## Heat Engines and Finite-Time Thermodynamics

If you completed the standard curriculum of physics, you should be familiar with the concept of a heat engine:

Moreover I bet you know that the maximum efficiency is achieved by a Carnot heat engine, for which the efficiency is:

$\displaystyle{\eta = 1 - \frac{T_c}{T_h}. \;\;\;\;\;\;\;\;\;\;\;\;\;\;\; (1)}$

You should also be aware that Carnot heat engine implies the processes involved to be reversible, which by turn means that the engine proceeds infinitely slowly. But if you are like me, chances are you haven’t made the final step to conclude that such engine is absolutely useless! Indeed, if it operates infinitely slowly then it has zero power. Since heat engines are made to do some actual work, zero power is not what we are looking for.

Thus we need a simple model which would take into account the finite time required by an engine to perform a cycle. Fortunately there is such a model by Curzon and Ahlborn. For an introduction to a finite-time thermodynamics I refer you to a book “Understanding non-equilibrium thermodynamics: foundations, applications, frontiers” by Georgy Lebon, David Jou and José Casas-Vázquez. The rest of the post follows it.

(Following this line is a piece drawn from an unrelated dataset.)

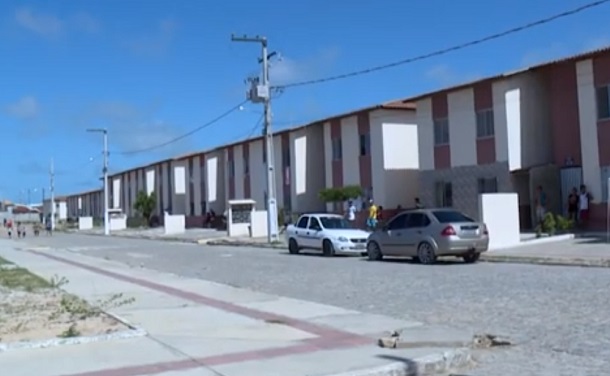 MPF e Defensoria Pública de Sergipe fazem multarão para regularizar benefícios do programa Minha Casa Minha Vida na Barra dos Coqueiros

In essence Curzon and Ahlborn heat engine operates in a Carnot cycle, with two isotherms and two adiabats. However, the heat flux between various systems (cooler, working substance, heater) is governed by Newton’s law:

$\displaystyle{\frac{\text d Q_{12}}{\text d t} = \alpha_{12} (T_2 - T_1).}$

It is also assumed that these heat transfers are the only source of irreversibility in a system and their combined duration almost equals to the length of the whole cycle. Leaving aside calculations, we get for the power:

$\displaystyle{P(T_c, T_c, T_{h \to w}, T_{w \to c}) = \frac{T_{h \to w} - T_{w \to c}}{\dfrac{T_{h \to w}}{\alpha_{h,w}(T_h - T_{h \to w})} + \dfrac{T_{w \to c}}{\alpha_{w,c}(T_{w \to c} - T_c)}}, }$

the notation used is explained in this figure:

To find the maximum possible power given fixed $T_c$ and $T_h$ one have to solve the following system:

$\displaystyle{\frac{\!\!\! \partial P}{\partial T_{c \to w}} = 0, \;\;\;\; \frac{\!\!\! \partial P}{\partial T_{w \to h}} = 0.}$

If you are patient enough, you’ll ultimately get the efficiency, corresponding to $P_\text{max}$:

$\displaystyle{\eta_{\text{max power}} = 1 - \sqrt{\frac{T_c}{T_h}}. \;\;\;\;\;\;\;\;\;\;\;\;\;\;\; (2)}$

Surprisingly, the result does not depend on $\alpha_{c,w}$ or $\alpha_{w,h}$. As an illustration of differences between Carnot’s result (1) and the result of Curzon and Ahlborn (2) I’ll quote “Understanding non-equilibrium thermodynamics”:

As an illustration, consider a power station working, for instance, between heat reservoirs at 565 and 25 °C and having an efficiency of 36%. We want to evaluate this power station from the thermodynamic point of view. It follows from (1) that the Carnot’s maximum efficiency is 64.1%; our first opinion on the quality of the power station would be rather negative if Carnot’s efficiency is our standard for evaluation. However, according to (2), its efficiency at maximum power is 40%. Thus, if the objective of the power station is to work at maximum power output, it is seen that the efficiency is not bad compared to the 40% efficiency corresponding to this situation. We can therefore conclude that, to have realistic standards for evaluation of an actual heat engine, one needs to go beyond Carnot’s efficiency and to incorporate finite-time considerations.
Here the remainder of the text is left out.